Mobile phone masts might have been declared safe. But there is no knowing. Residents of housing complex in Bristol, England are panic-stricken after three cancer deaths since two masts were erected on the roof of the five-storey block.
Another four are battling the disease. The cancer rate on the top floor - where residents of five of the eight flats have been affected and the three who died all lived - is 20 per cent, ten times the national average.
Besides other residents complain of severe headaches. Cancer or headache, everything suffered by the residents is blamed on the radiation from the masts. The situation is so bad that the block is dubbed the Tower of Doom.
Orange, a service provider, has agreed to move its mast, but only after a five year campaign.
Orange has agreed to remove its mast after a five-year campaign by residents and pressure from the local authority. But it has caused anger with plans to move it to a residential street nearby.
The most recent death was that of John Llewellin, 63, who lost his battle against bowel cancer two weeks ago.
The other victims on the top floor are Hazel Frape, 63, who has had breast cancer, and 89-year-old Phyllis Smith who moved out after she contracted the same disease.

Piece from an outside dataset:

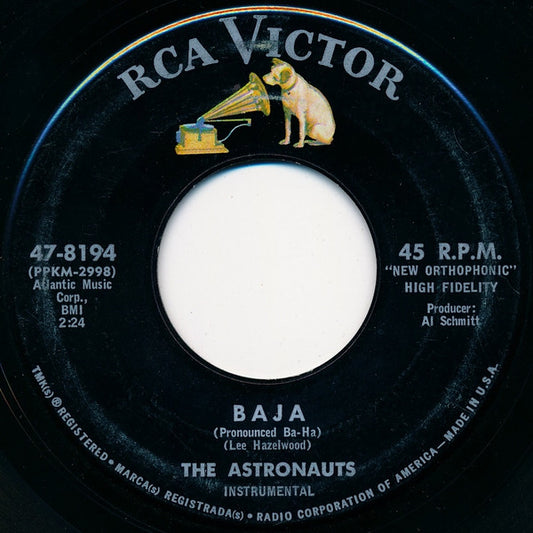 The Astronauts (3) : Baja (7", Single, Hol)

On the fourth floor Bernice Mitchell, 69, has battled womb cancer. On the second floor, 78-year-old Barbara Watts, who has lived in the block for 31 years, is in remission from breast cancer.
Many of the 110 residents, including Doreen Sheppard, 74, have complained of headaches and other health problems.
She said: "The masts are bound to be doing something. I get terrible headaches and I've started suffering from Meniere's disease, where I lose my balance. I'm worried about the children on the estate as there are so many of them now."
Both masts were erected in 1994. South Gloucestershire Council served a notice asking for them to be removed when the ten-year contract expired three years ago.
But because current guidelines say there is no risk from radiation the council does not have a legal right to force their removal.
After a long legal battle Orange has submitted a planning application to put the mast on top of a shopping precinct in a street near homes, a primary school and a public library.
Jeanette McCormack, 69, who has led a campaign against the mast, said a petition against the new location had gathered more than 200 names.
She added: "People of all ages who live and work near the mast will be exposed to the radiation and so there's a lot of anger about it."
World Health Organization guidelines have dismissed the risks of masts despite other evidence which has found they are harmful.
A spokesman for Orange said the company takes health and safety very seriously.
He added that the company was satisfied its mobile phone base stations do not present a health risk.
Vodafone is working on a new long term lease from South Gloucestershire Council. A spokesman said the company took residents' concerns "extremely seriously" and would continue to work with them and the council to provide reassurance.